== DATA SHOWN ==

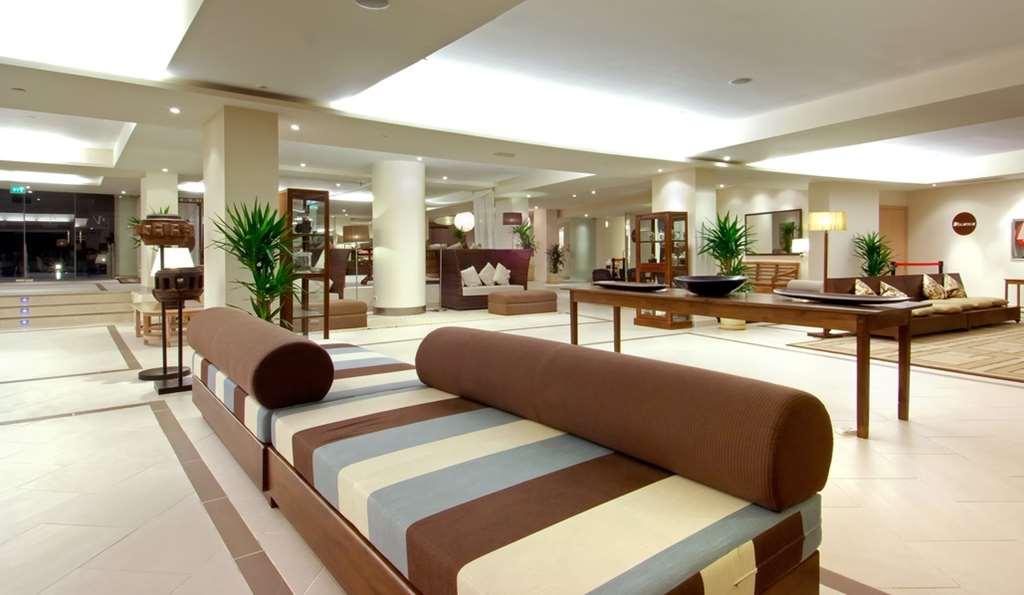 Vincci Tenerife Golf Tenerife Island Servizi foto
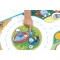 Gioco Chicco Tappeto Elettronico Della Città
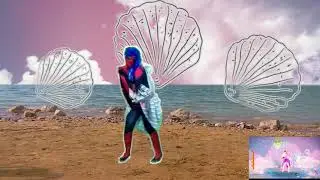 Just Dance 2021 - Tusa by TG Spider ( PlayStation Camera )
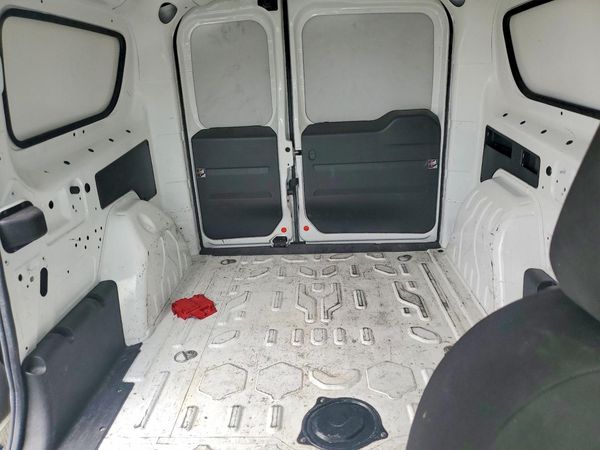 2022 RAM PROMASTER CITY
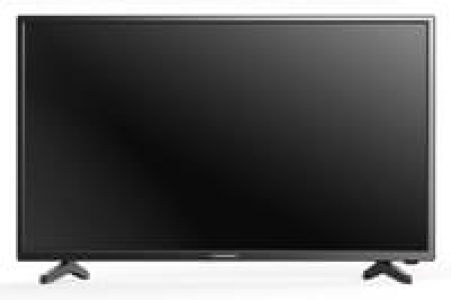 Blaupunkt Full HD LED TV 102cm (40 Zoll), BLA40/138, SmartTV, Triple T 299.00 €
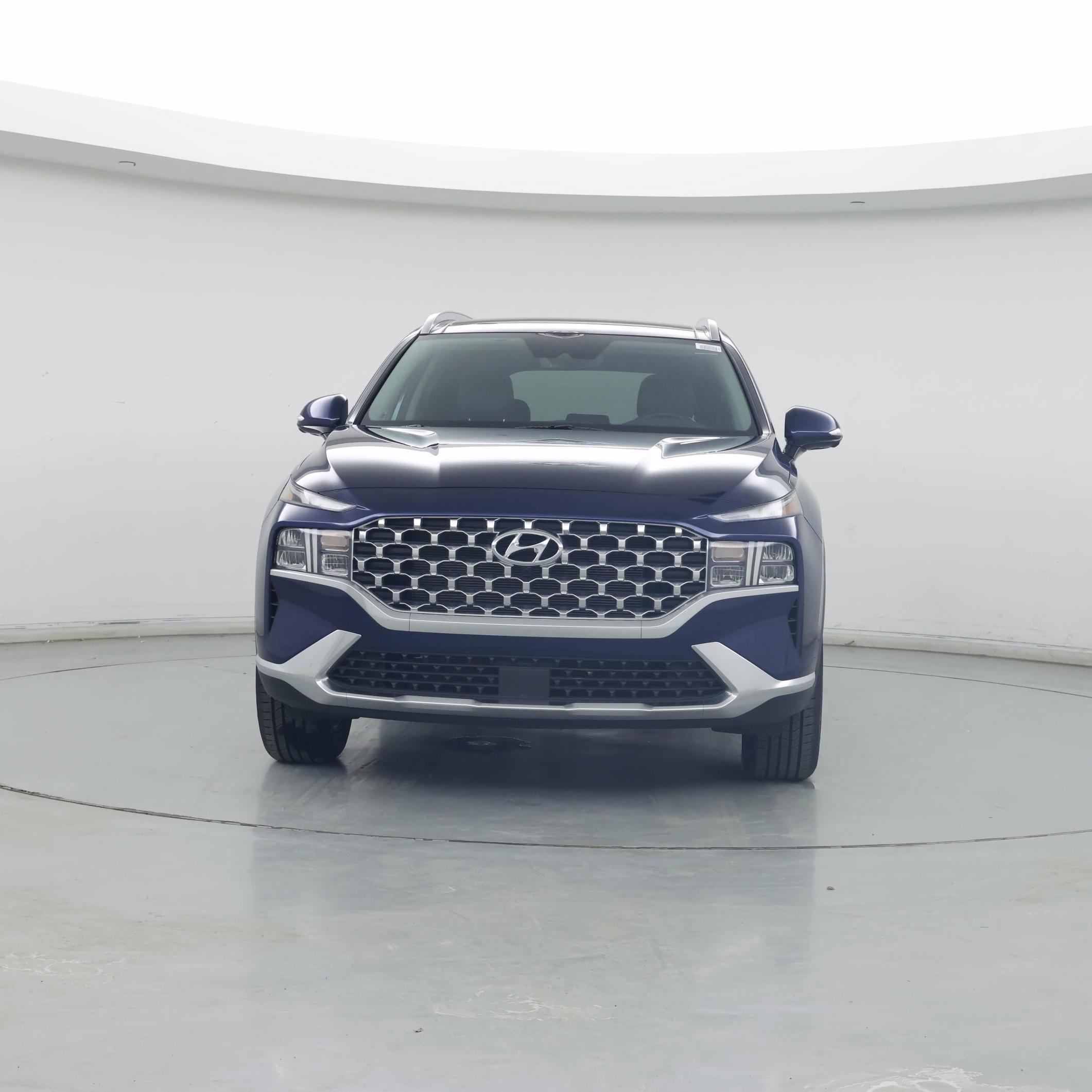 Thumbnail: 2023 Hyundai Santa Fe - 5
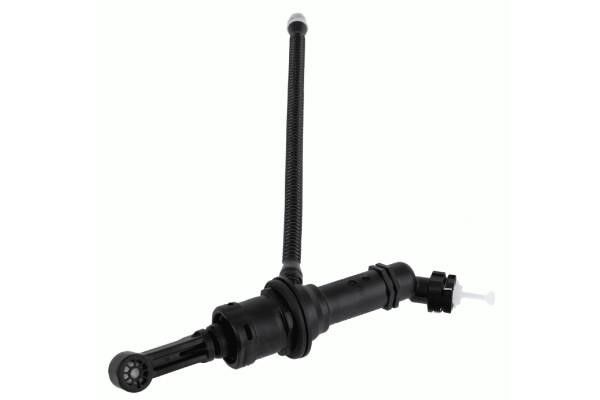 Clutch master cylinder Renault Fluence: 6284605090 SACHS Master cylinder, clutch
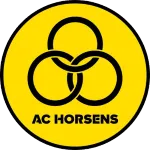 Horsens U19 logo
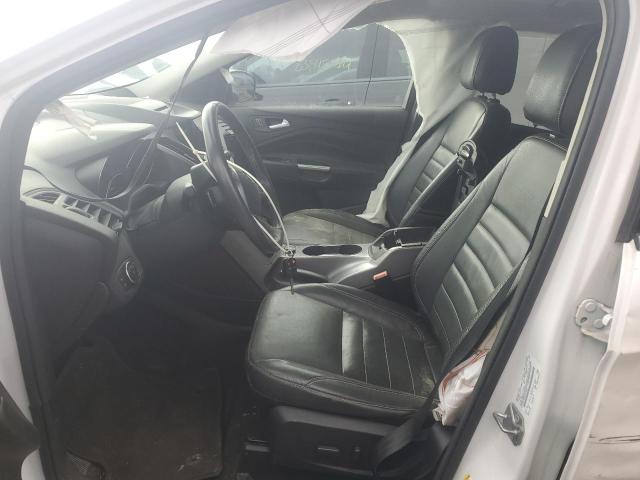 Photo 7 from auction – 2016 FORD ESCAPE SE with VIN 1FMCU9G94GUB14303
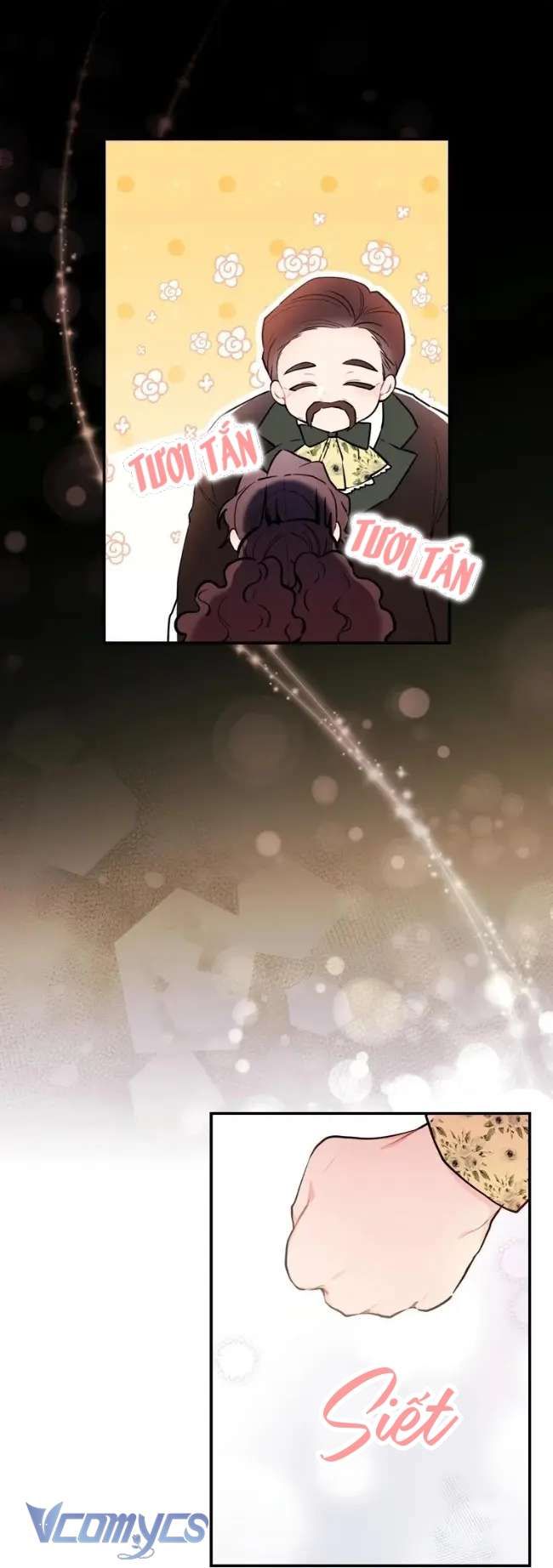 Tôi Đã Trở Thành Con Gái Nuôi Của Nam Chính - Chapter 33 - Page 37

===

◆ REQUIRED ACTION
Transcribe exactly the portion of the material above that runs from the line containing "Photo 7 from" through its last line, omitting all pictures.

◆ OUTPUT OF THE EXERCISE
 Photo 7 from auction – 2016 FORD ESCAPE SE with VIN 1FMCU9G94GUB14303
 Tôi Đã Trở Thành Con Gái Nuôi Của Nam Chính - Chapter 33 - Page 37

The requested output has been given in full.